#### Task instructions:
Please transcribe the data below exactly. Leave the pictures out.

#### Dataset entries:
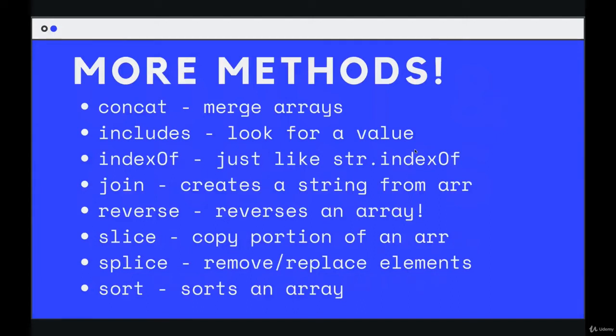Next up, we've got quite a few other useful methods I'd like to cover. We won't do it all in one video, I promise. Some of them are really quick as well.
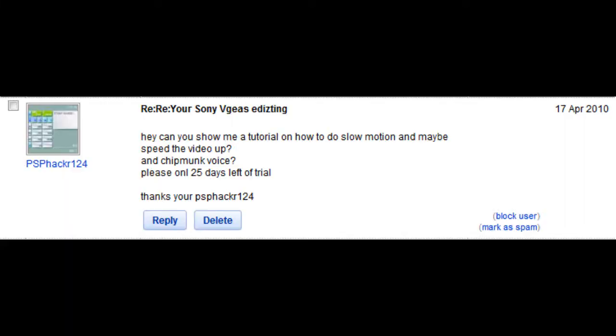Whoa, we just posted some in. Hey, can you show me a tutorial on how to do slow motion and maybe speed up the video.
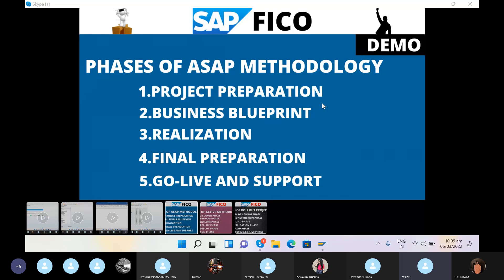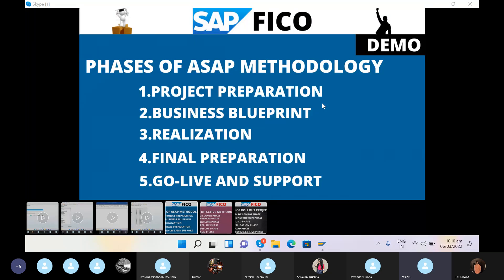The business blueprint phase is the most critical phase. The success of the project totally depends on how accurately we gather the requirements from the core users. The core users are persons sent by the client who are involved in the implementation project. In the blueprint phase, we prepare two documents: the requirement gathering document, called the AS-IS document, and the TO-BE document — which describes how we map that information into the SAP system.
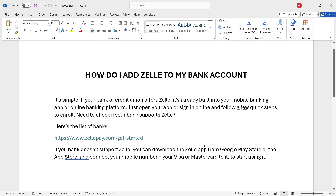In this video, we're going to talk about how to add Zelle to your bank account. It's actually quite simple. If your bank or credit union offers Zelle, it's already built into your mobile banking app or online banking platform. Simply open up your app or sign in online and then follow a few quick steps to enroll.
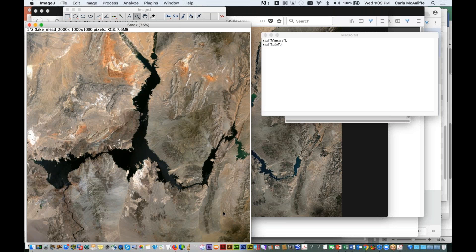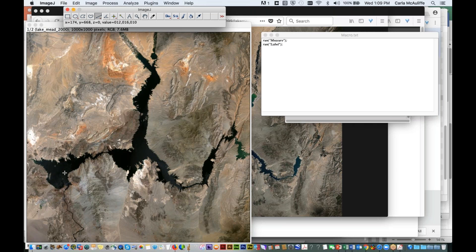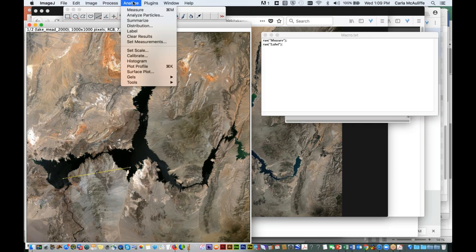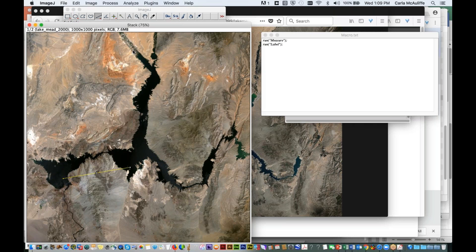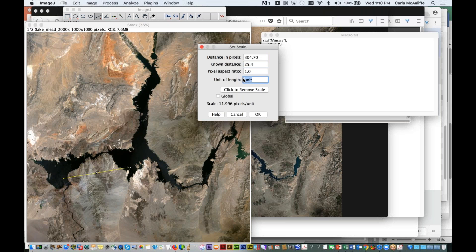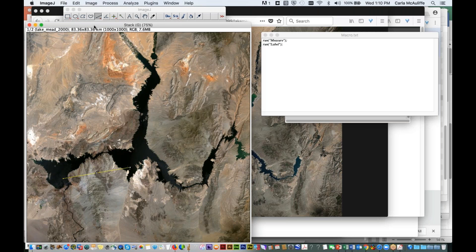So to do that, I need to set a scale for this image. Or you can get an image that already has a scale in it. But in this particular case, I do know the known distance between these islands here. So I can set a scale using that distance. And we're going to set a scale. And I know that that distance is 25.4 kilometers. And I'm going to change the unit to kilometers. And I'm going to say OK. And now you can see that my image is given up here as 83.36 square kilometers.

#### Final answer:
Next up, we've got quite a few other useful methods I'd like to cover. We won't do it all in one video, I promise. Some of them are really quick as well.
Whoa, we just posted some in. Hey, can you show me a tutorial on how to do slow motion and maybe speed up the video.
The business blueprint phase is the most critical phase. The success of the project totally depends on how accurately we gather the requirements from the core users. The core users are persons sent by the client who are involved in the implementation project. In the blueprint phase, we prepare two documents: the requirement gathering document, called the AS-IS document, and the TO-BE document — which describes how we map that information into the SAP system.
In this video, we're going to talk about how to add Zelle to your bank account. It's actually quite simple. If your bank or credit union offers Zelle, it's already built into your mobile banking app or online banking platform. Simply open up your app or sign in online and then follow a few quick steps to enroll.
So to do that, I need to set a scale for this image. Or you can get an image that already has a scale in it. But in this particular case, I do know the known distance between these islands here. So I can set a scale using that distance. And we're going to set a scale. And I know that that distance is 25.4 kilometers. And I'm going to change the unit to kilometers. And I'm going to say OK. And now you can see that my image is given up here as 83.36 square kilometers.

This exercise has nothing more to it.